Type John Cavanagh’s name into Google and, nearby, you’ll nearly always see references to Syd and The Piper at The Gates of Dawn.
However, this evening, that isn’t the album that’s holding a lit Zippo to the feet of my synapses, and making me applaud, as Mr Cavanagh, in his occasional guise of ‘Phosphene’, accompanies an edited version of Roger Corman’s movie, The Raven.
No,instead, it’s flashes of my favourite pieces of musical mayhem from that second album, A Saucerful of Secrets, that keep flashing past the inside of my eyelids………….…and that’s no bad thing at all!

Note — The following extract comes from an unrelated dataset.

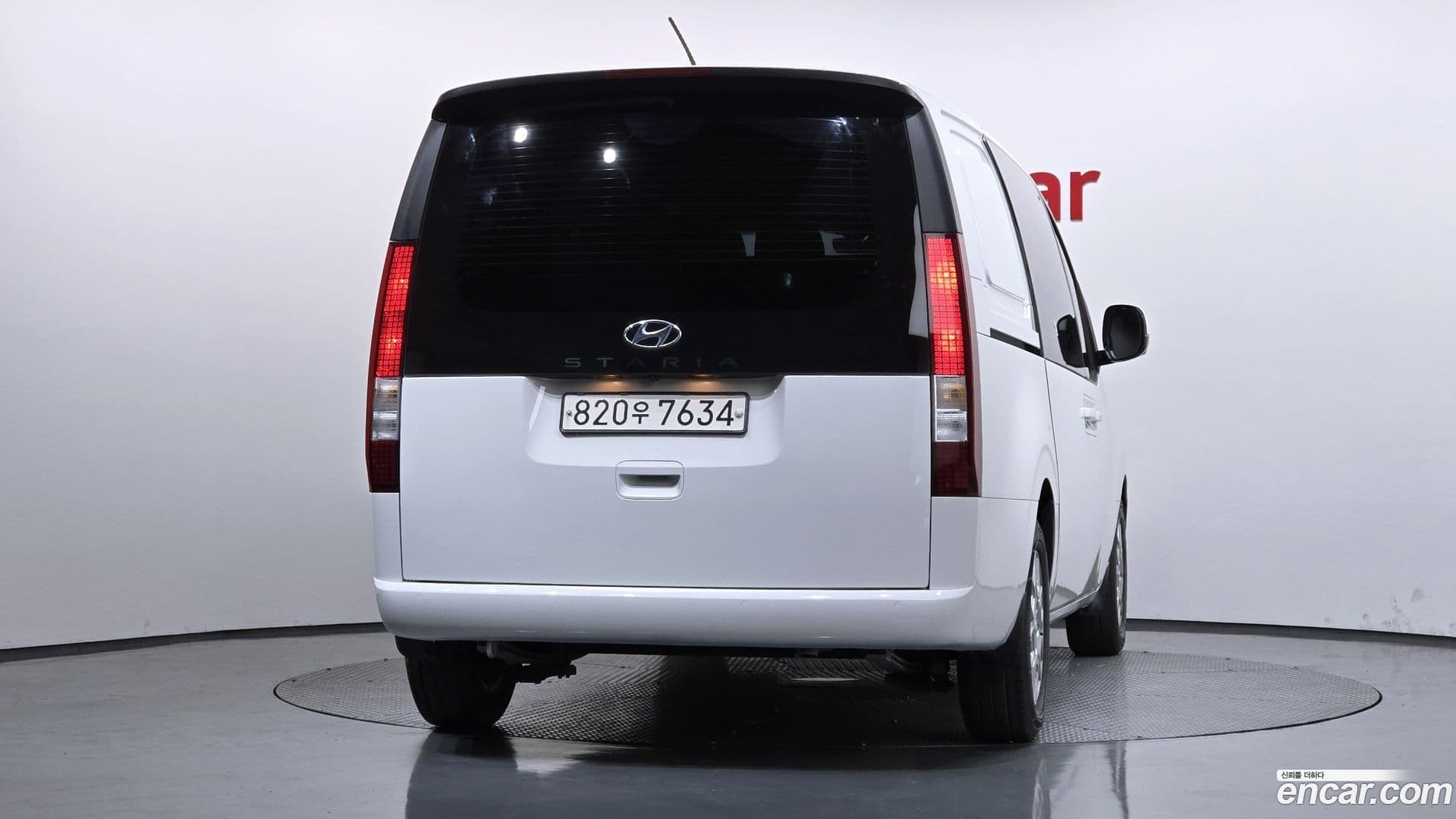 Main__Slider__Photo:Staria Hyundai 2022.2-3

Like some modern day silent film pianist (the soundtrack and dialogue had been muted) he beavered away be-headphoned, twiddling, twerning and cajoling all sorts of synchronised accompanying squeals & sounds from his VCS3 (or Putney as we in ‘the know’ like to call them)
The first half, meanwhile was a tad gentler with John reading a short fairy-tale, The King That Would See Paradise, from Andrew Lang’s ‘Orange’ Fairy Tale Book (1906) This piece came in at just around half an hour long and featured a pleasant burbling analogue synth, reminiscent of Tim Blake’s early work. I could also hear many percussive delay sounds that recalled Dave McRae’s intro to Matching Mole’s ‘Gloria Gloom’.
When not reading the text, and indeed what a sonorous timbre he has, John also made good use of chimes, some Ganesh style singing bowls and heavily processed/delayed/choral vocals.
As the story ascended to its inevitably bleak denouement we were treated to a Cavanagh clarinet solo so shrill, deranged and unexpected, it would have sounded quite at home snuggling up to Flash Gordon’s Ape. I was annoyed to hear that this was the penultimate soundlab show as I would have liked to have experienced more.
To paraphrase Janice Nicholls, “I’d give it foive!”